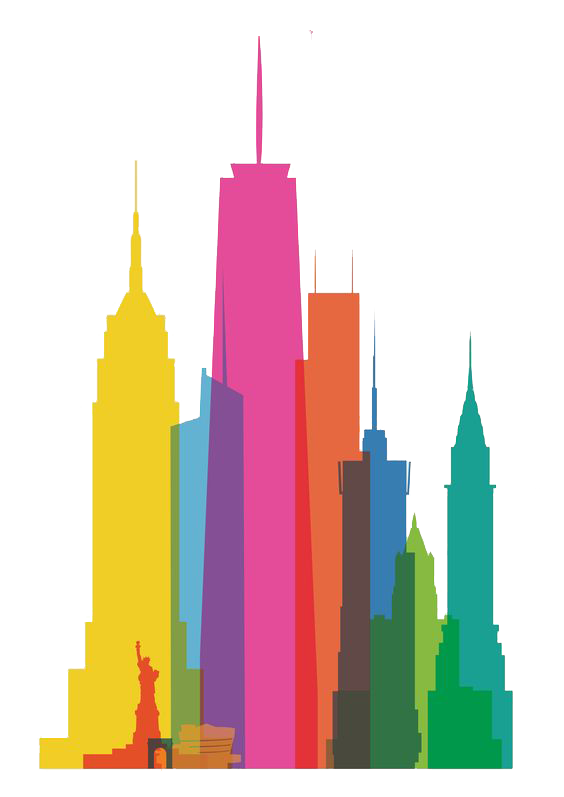 564x797 New York City Skyline Watercolor Painting Canvas Print Clip Art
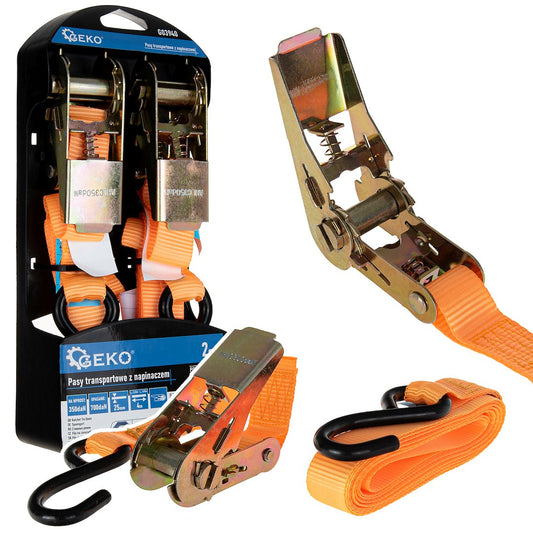 Set 2 curele de transport, 4 m x 25 mm, capacitate maxima 400 kg, Geko G03940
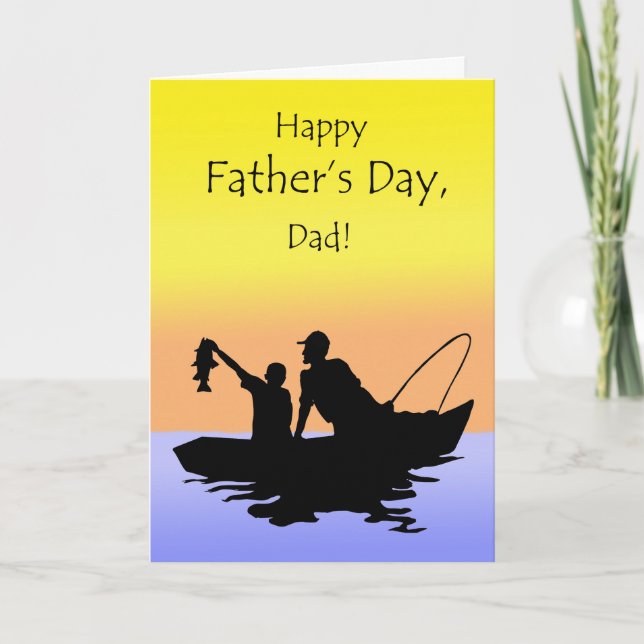 Cartão Father's Day for Dad, Fishing Scene (Frente)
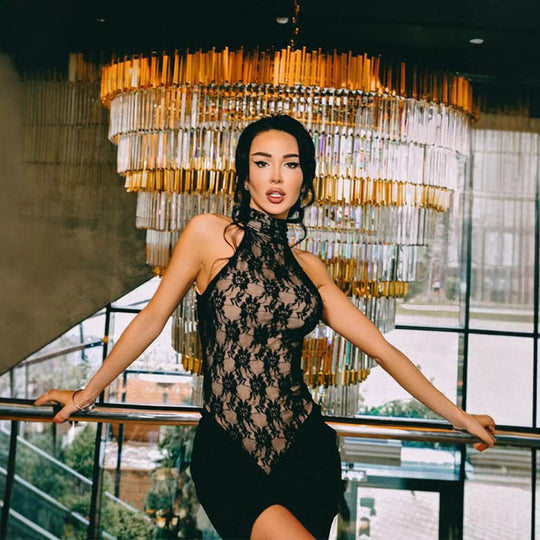 Damen elegantes Transparentes Spitzenkleid mit asymmetrischem Rock Heidi-Mode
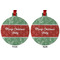 Christmas Holly Metal Ball Ornament - Front and Back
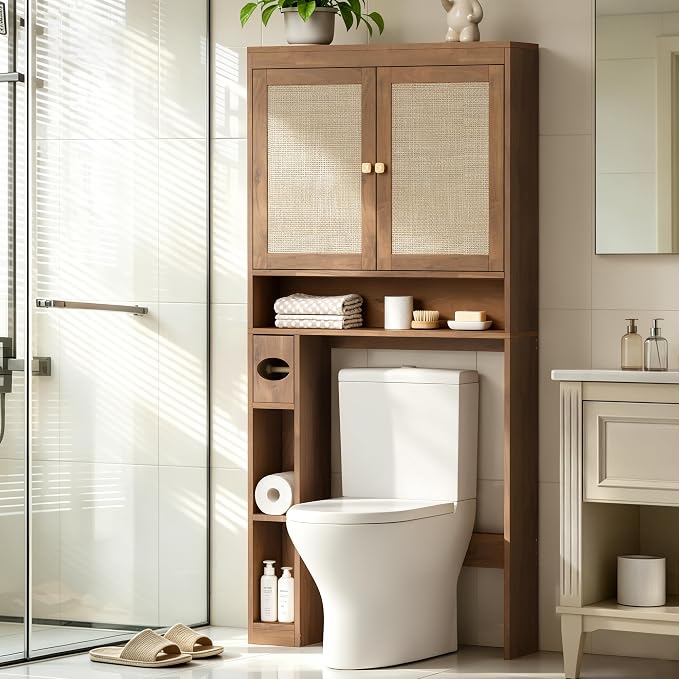 Over The Toilet Storage Cabinet Bathroom Shelf Over Toilet Bathroom Organizer Space Saver Rack with Adjustable Shelf (Brown- Yellow, Rattan Style)
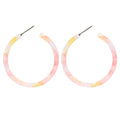 BaubleStar Tortoise Shell Resin Hoop Earrings Fashion Jewelry - color: Pink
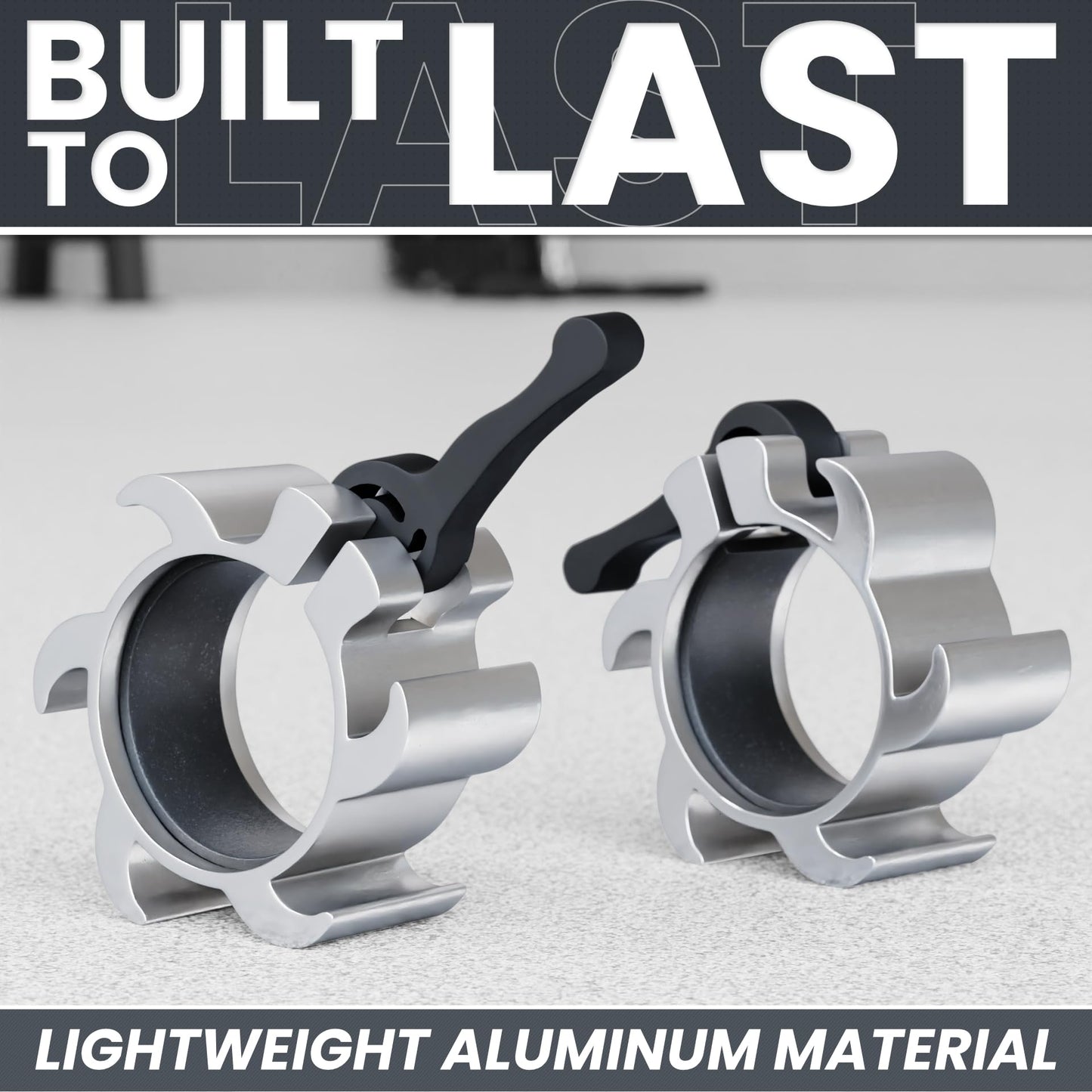 Synergee Silver Aluminium Barbell Collars Locking 2" Weight Clamps
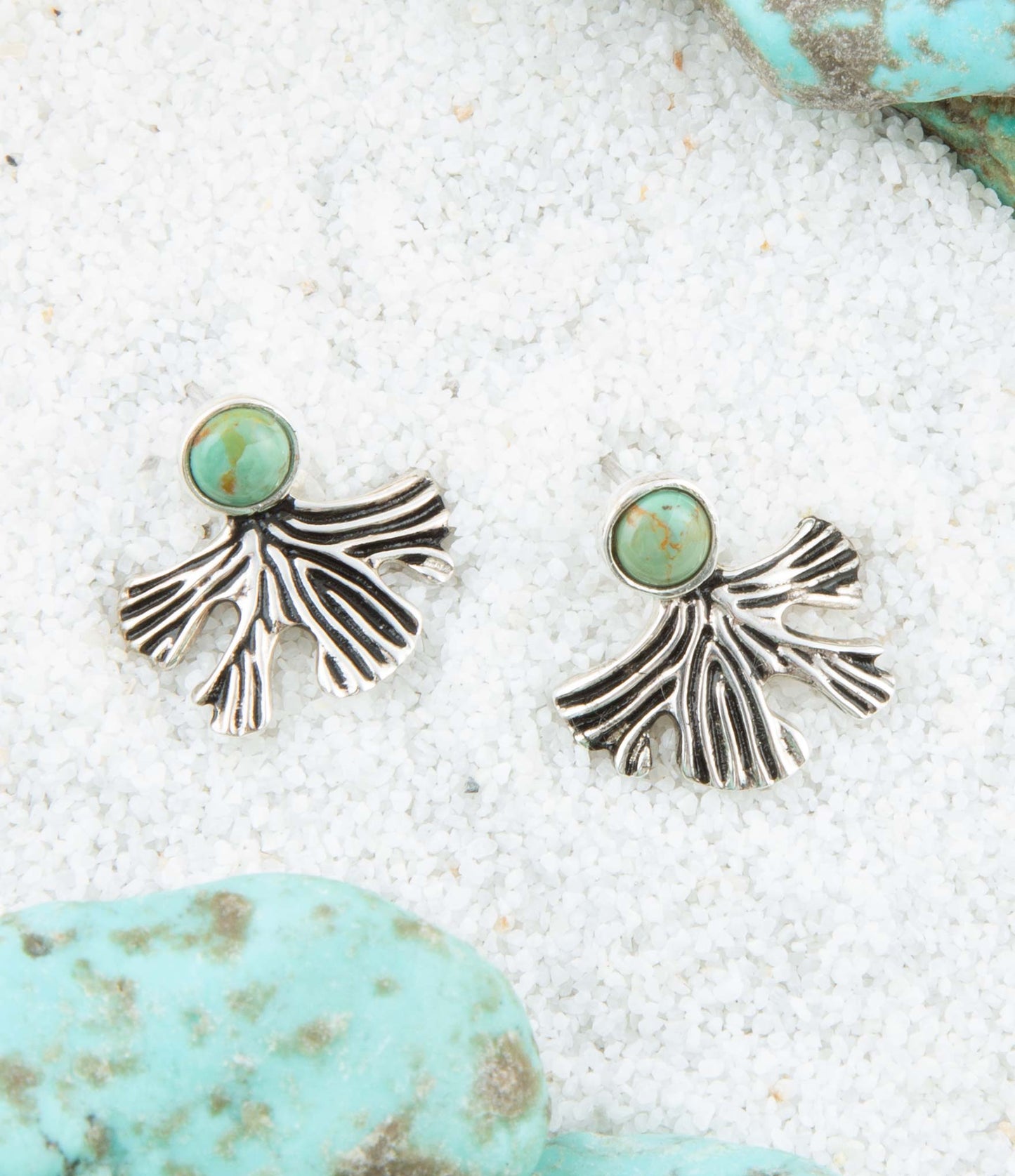 Orecchini a perno in argento sterling e turchese blu Ginko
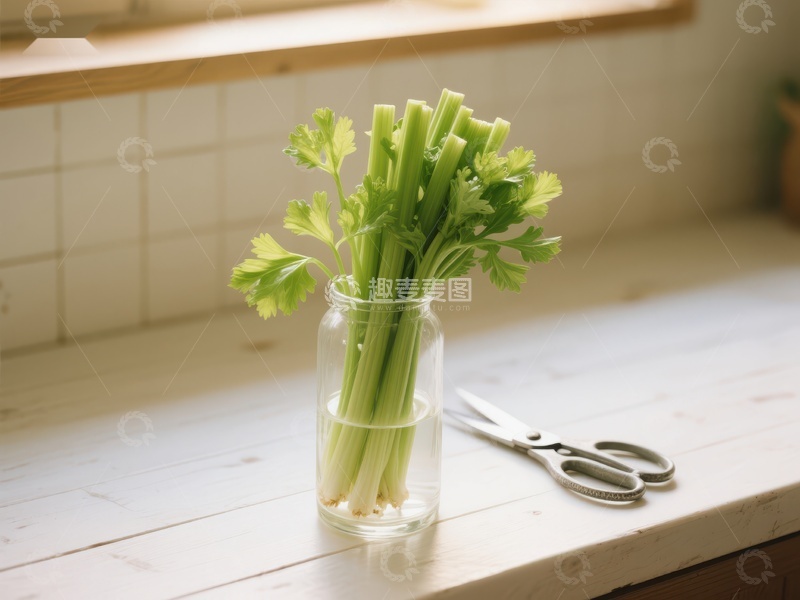 高清大图下载【趣麦麦图】新鲜芹菜置于玻璃瓶中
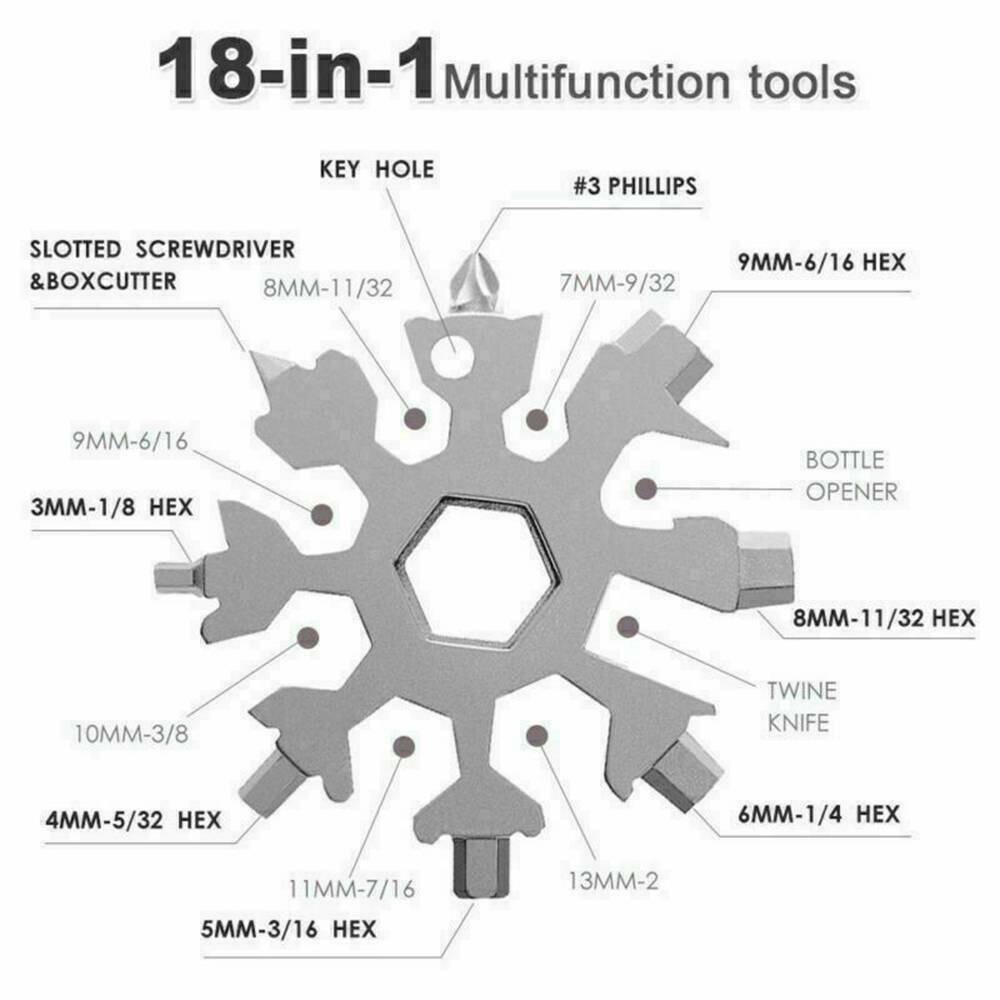 3pics 18 in 1 Portable Snowflake Multi Tool Stainless Tool (Black Silver +color)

**The task**
For this step, transcribe all the material above exactly and drop the images.

**Result**
 564x797 New York City Skyline Watercolor Painting Canvas Print Clip Art
 Set 2 curele de transport, 4 m x 25 mm, capacitate maxima 400 kg, Geko G03940
 Cartão Father's Day for Dad, Fishing Scene (Frente)
 Damen elegantes Transparentes Spitzenkleid mit asymmetrischem Rock Heidi-Mode
 Christmas Holly Metal Ball Ornament - Front and Back
 Over The Toilet Storage Cabinet Bathroom Shelf Over Toilet Bathroom Organizer Space Saver Rack with Adjustable Shelf (Brown- Yellow, Rattan Style)
 BaubleStar Tortoise Shell Resin Hoop Earrings Fashion Jewelry - color: Pink
 Synergee Silver Aluminium Barbell Collars Locking 2" Weight Clamps
 Orecchini a perno in argento sterling e turchese blu Ginko
 高清大图下载【趣麦麦图】新鲜芹菜置于玻璃瓶中
 3pics 18 in 1 Portable Snowflake Multi Tool Stainless Tool (Black Silver +color)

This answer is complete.